Services such as M-Pesa in Kenya prove beyond doubt that the mobile phone provides a viable solution to meeting the financial services needs of the world’s unbanked.
Thanks to successes such as M-Pesa, financial support for mobile banking in developing economies is coming to the fore, as highlighted by two significant funding initiatives announced by the British government and the Bill & Melinda Gates Foundation (BMGF) in February.
First off the mark was the UK’s International Development Secretary, Douglas Alexander who announced the launch of Facilitating Access to Financial Services through Technology (FAST), a £1.4 million ($2 million) three-year project to bring what he termed branchless banking to millions of the world’s poorest people in Africa and Asia.
“Advancements in technology and growth in mobile phone use is changing how we all live our lives and has the potential to give people access to financial services no matter where they live,” said Alexander.
Goals of the FAST project include:
• Research into how technologies such as mobile phone banking, smart cards and biometric banking can help the poor to access financial services;
• Evaluation of pilot projects; and
• Developing industry standards that will regulate the new technology and make it secure and cheaper for people to use branchless banking. This will include regulators from 20 developing countries.
Following close on the heels of the UK government, BMGF announced a $12.5 million grant to support mobile network industry body the GSM Association’s (GSMA) new Mobile Money for the Unbanked (MMU) project. Established by Microsoft founder Bill Gates and his wife Melinda, the BMGF is the world’s fourth-largest private foundation.
Backed by the grant, the MMU project will fund regulatory and market research to help overcome some of the barriers of providing mobile banking services and demonstrate the business case for serving the unbanked market. Of the total grant, $5 million will be allocated to encouraging mobile network operators to create new services for unbanked people in emerging markets.

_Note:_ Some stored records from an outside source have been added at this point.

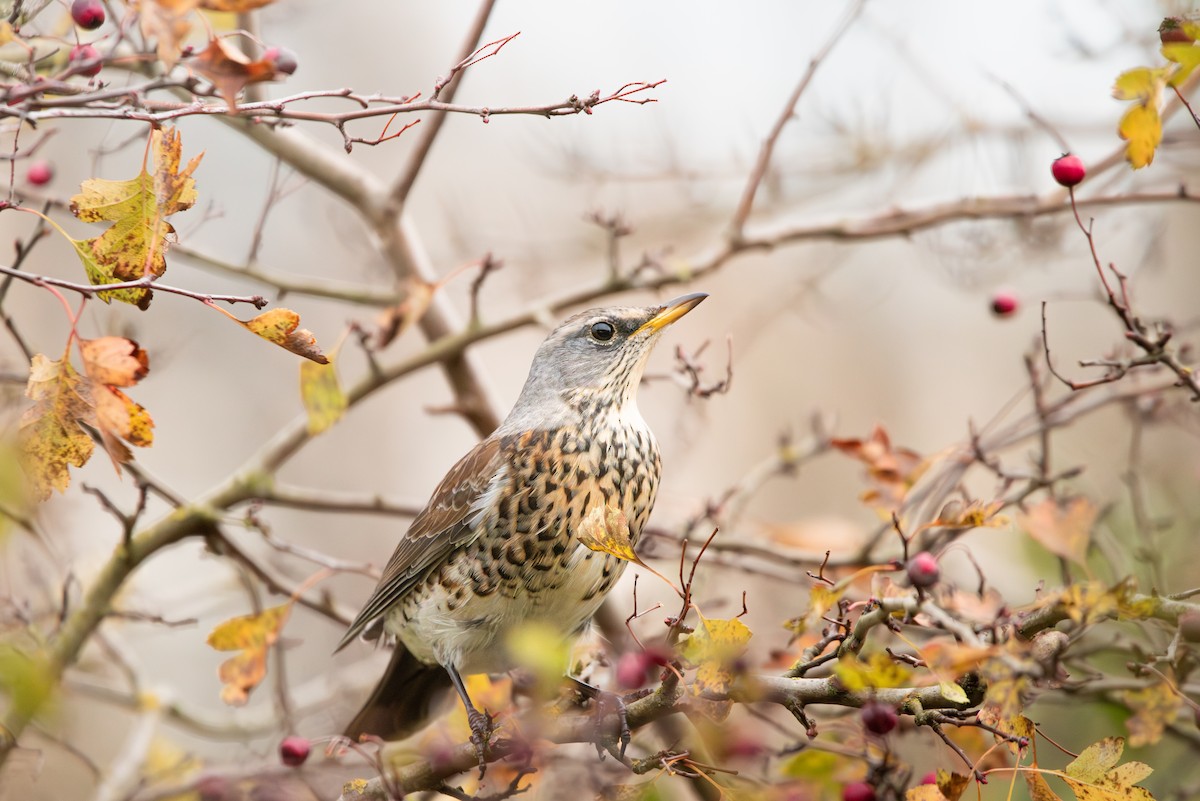 Wacholderdrossel - ML645491757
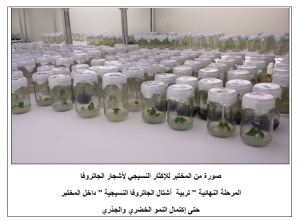 صورة من المختبر لمرحلة تربية الأشتال النسيجية لأشجار الجاتروفا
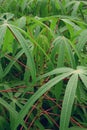 Cassava tree Royalty Free Stock Photo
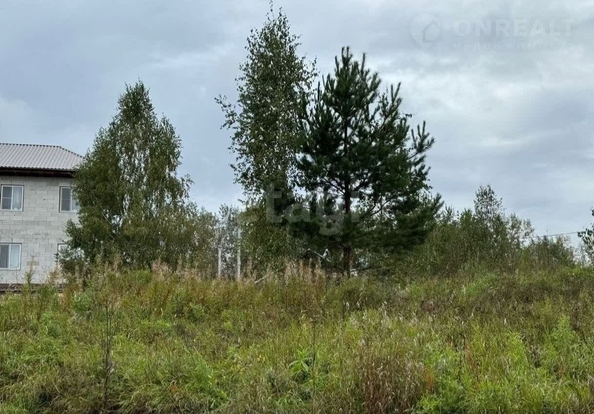 
  Продается земельный участок 6 соток. Фото 1.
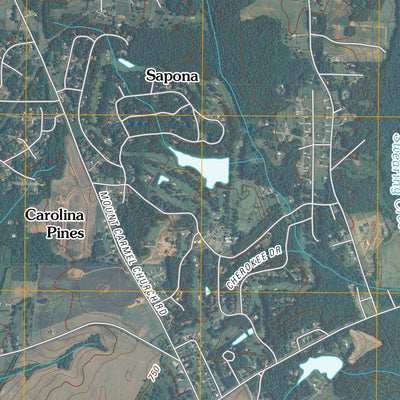 United States Geological Survey Lexington West, NC (2010, 24000-Scale) digital map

The MMU programme will support about 20 projects focusing on Africa, Asia and Latin America with the goal of reaching 20 million previously unbanked people with mobile financial services by 2012.
“This represents a huge opportunity and mobile operators are perfectly placed to bring mobile financial services to this largely untapped consumer base,” said GSMA CEO Rob Conway.
Based on the initial findings of research by development body the Consultative Group To Help The Poor and consultancy McKinsey & Company, the GSMA believes mobile money for the unbanked has the potential to become a $5 billion market opportunity over the next three years, Conway added.
Stressing the benefits of mobile payments, the UK’s Department of International Development said that mobile phone money transfers have the potential to lower international remittance costs by as much as 75 percent.
Based on total annual remittances of $275 billion at an average cost of 10 percent, cutting this cost by only 50 percent would save about $13 billion a year, noted the department.